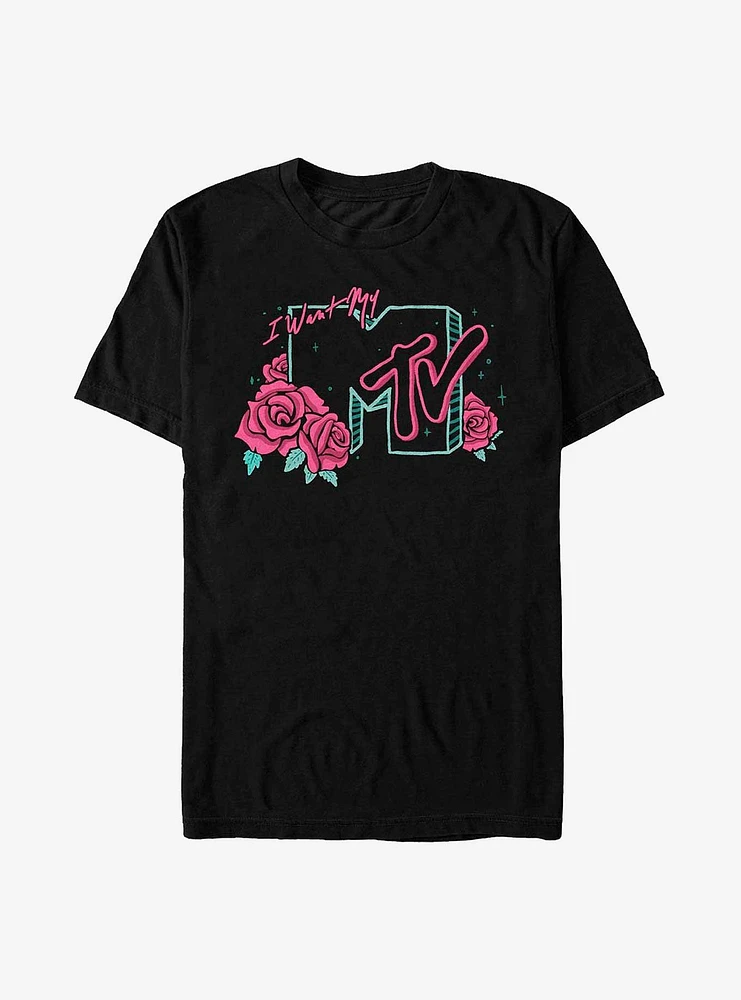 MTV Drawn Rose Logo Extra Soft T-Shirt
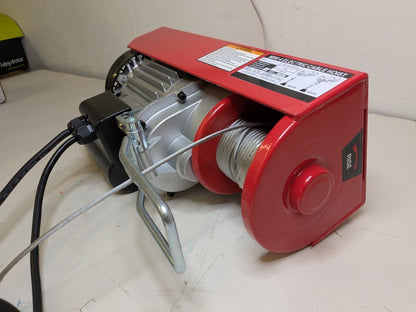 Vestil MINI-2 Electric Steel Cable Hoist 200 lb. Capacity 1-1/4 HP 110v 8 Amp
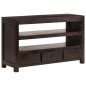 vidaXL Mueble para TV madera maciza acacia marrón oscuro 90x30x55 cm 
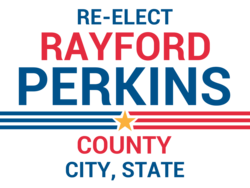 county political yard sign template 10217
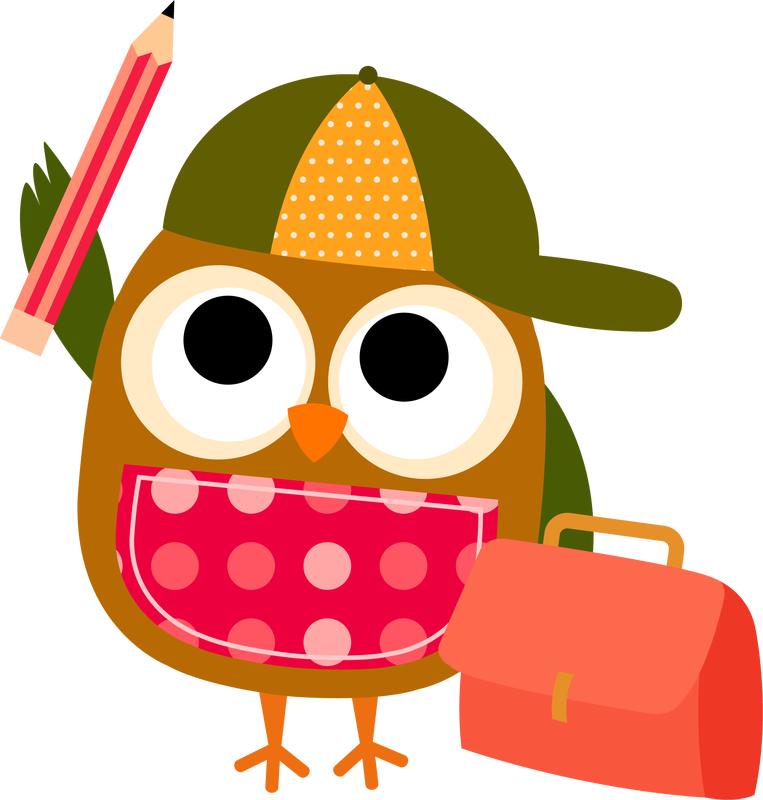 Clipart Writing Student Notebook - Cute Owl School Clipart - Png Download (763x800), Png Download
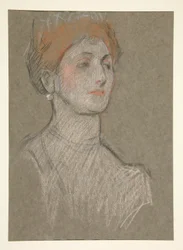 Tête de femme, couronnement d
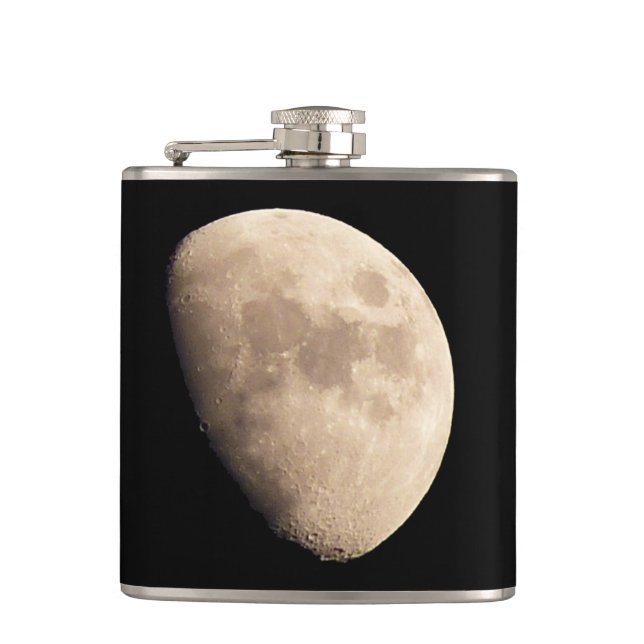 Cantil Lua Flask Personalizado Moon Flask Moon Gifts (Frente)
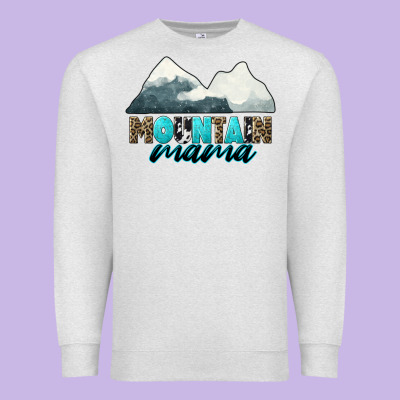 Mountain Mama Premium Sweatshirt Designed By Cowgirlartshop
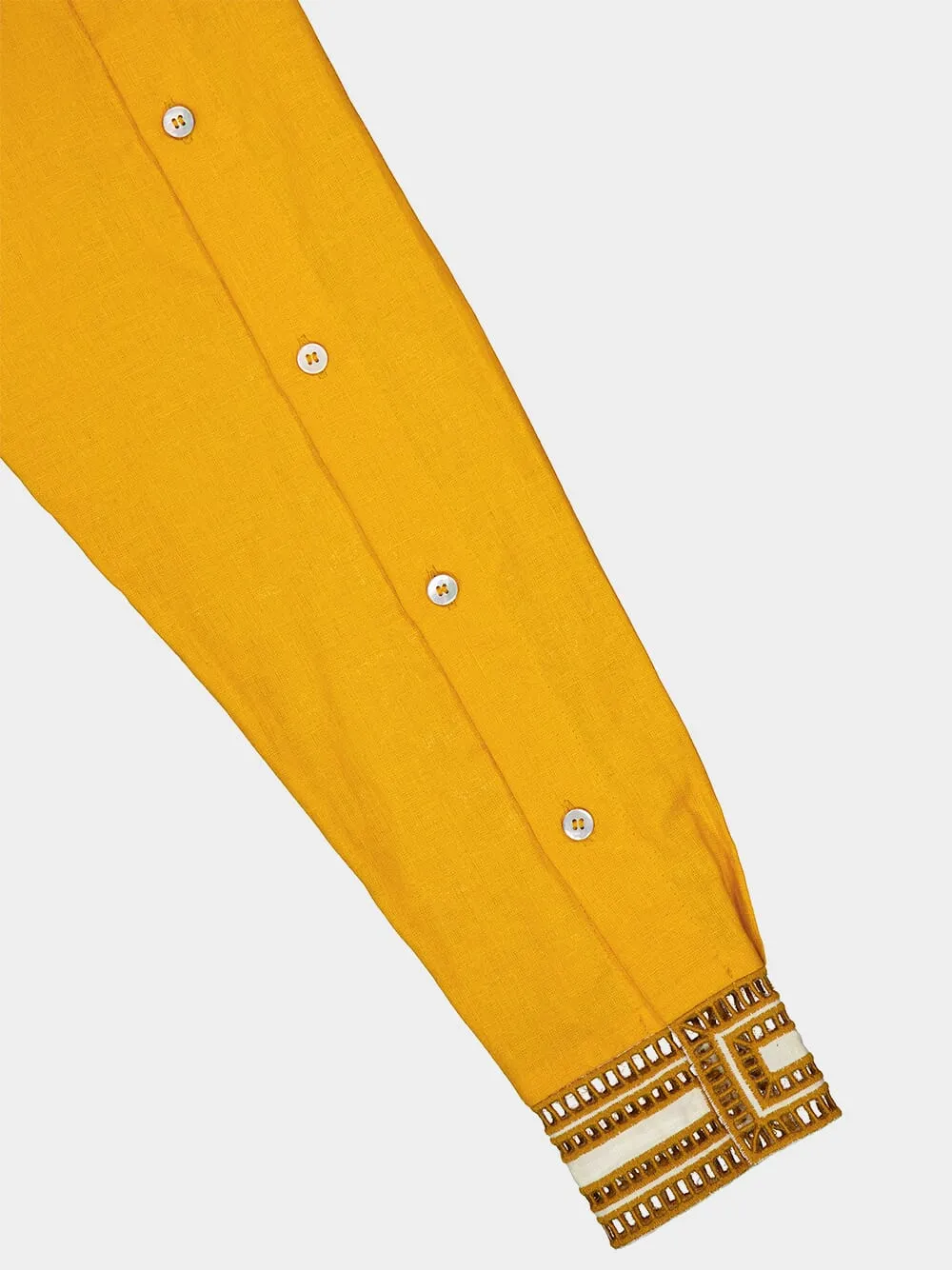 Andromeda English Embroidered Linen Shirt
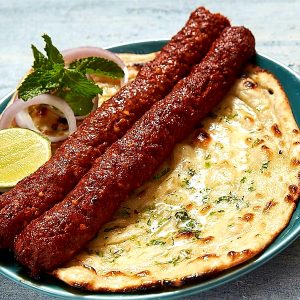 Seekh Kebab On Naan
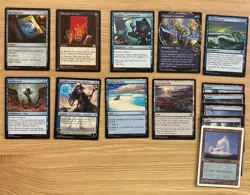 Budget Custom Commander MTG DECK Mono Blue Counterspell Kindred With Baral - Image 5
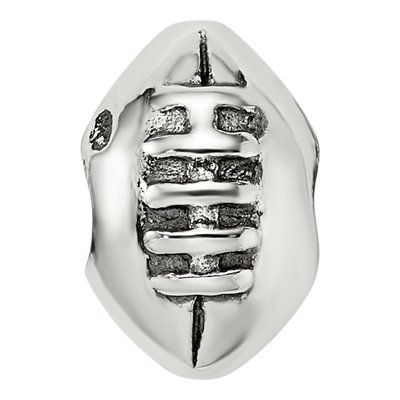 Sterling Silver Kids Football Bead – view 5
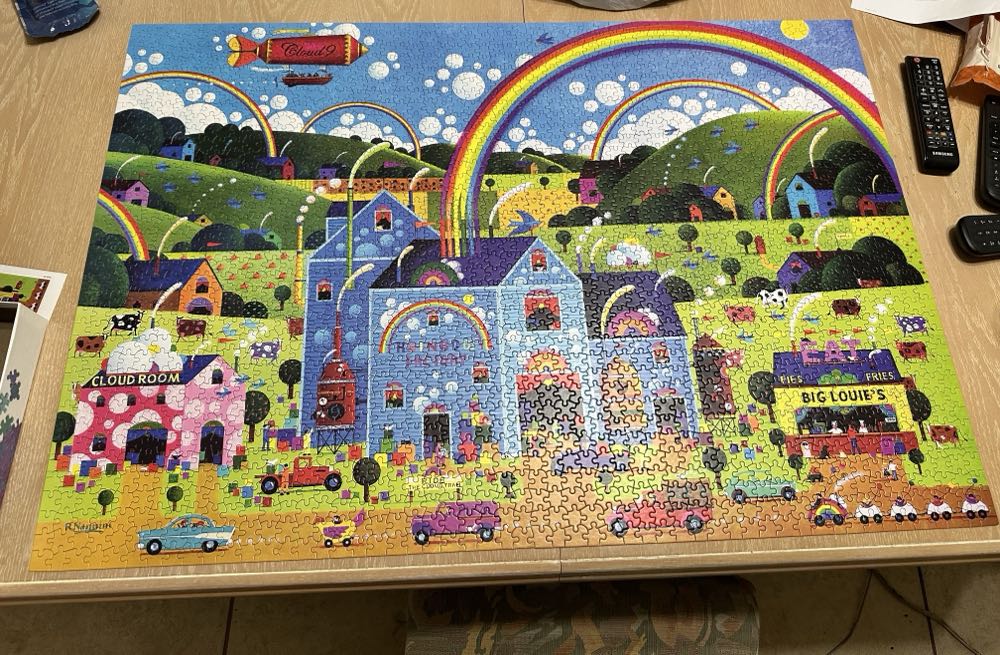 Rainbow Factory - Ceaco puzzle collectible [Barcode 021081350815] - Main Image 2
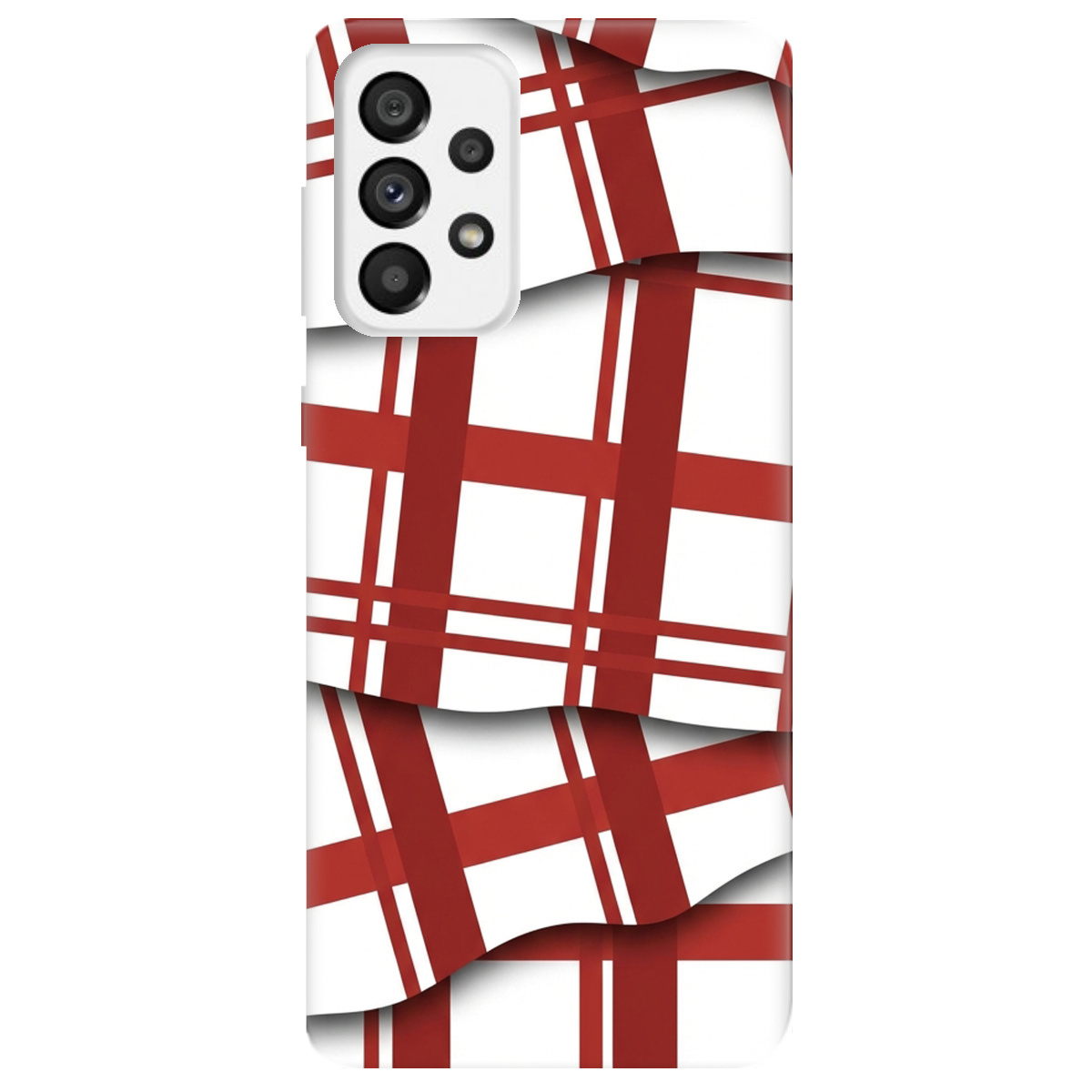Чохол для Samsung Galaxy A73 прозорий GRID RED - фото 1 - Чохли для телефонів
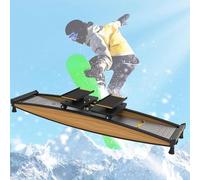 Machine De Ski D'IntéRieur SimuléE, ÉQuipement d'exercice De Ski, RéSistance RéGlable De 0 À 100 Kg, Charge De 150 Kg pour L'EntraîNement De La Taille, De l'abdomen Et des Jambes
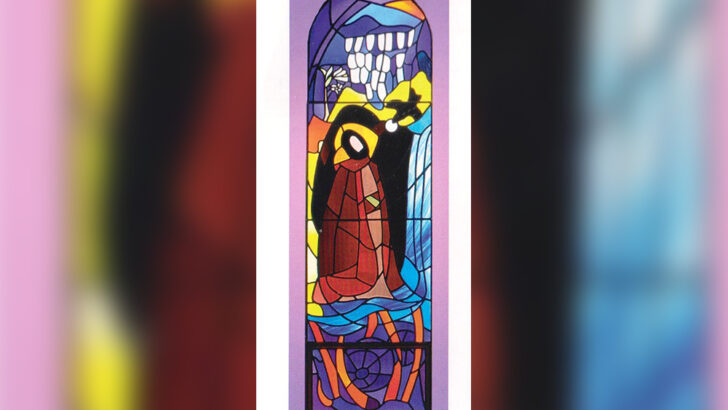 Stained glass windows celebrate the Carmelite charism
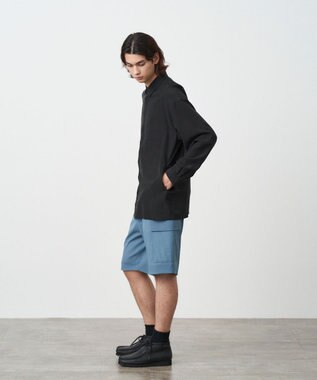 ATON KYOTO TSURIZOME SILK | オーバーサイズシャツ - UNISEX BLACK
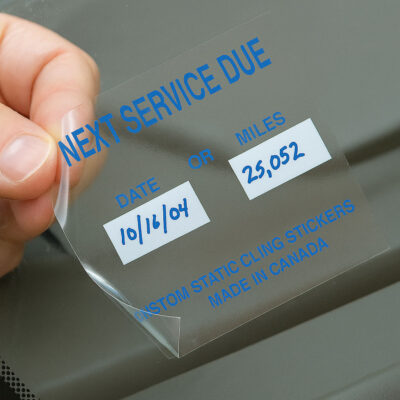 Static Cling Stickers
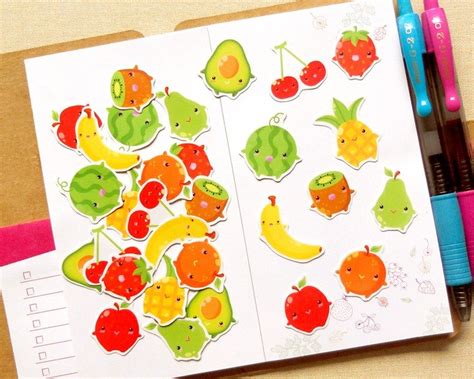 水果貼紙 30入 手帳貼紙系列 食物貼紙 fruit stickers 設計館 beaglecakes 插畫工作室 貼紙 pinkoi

**What this task involves:** Look above for the line containing "Andromeda English Embroidered Linen Shirt" and the line containing "Чохол для Samsung", then reproduce both and everything between them exactly, pictures omitted.

**Solution to the problem:**
 Andromeda English Embroidered Linen Shirt
 Seekh Kebab On Naan
 Budget Custom Commander MTG DECK Mono Blue Counterspell Kindred With Baral - Image 5
 Sterling Silver Kids Football Bead – view 5
 Rainbow Factory - Ceaco puzzle collectible [Barcode 021081350815] - Main Image 2
Чохол для Samsung Galaxy A73 прозорий GRID RED - фото 1 - Чохли для телефонів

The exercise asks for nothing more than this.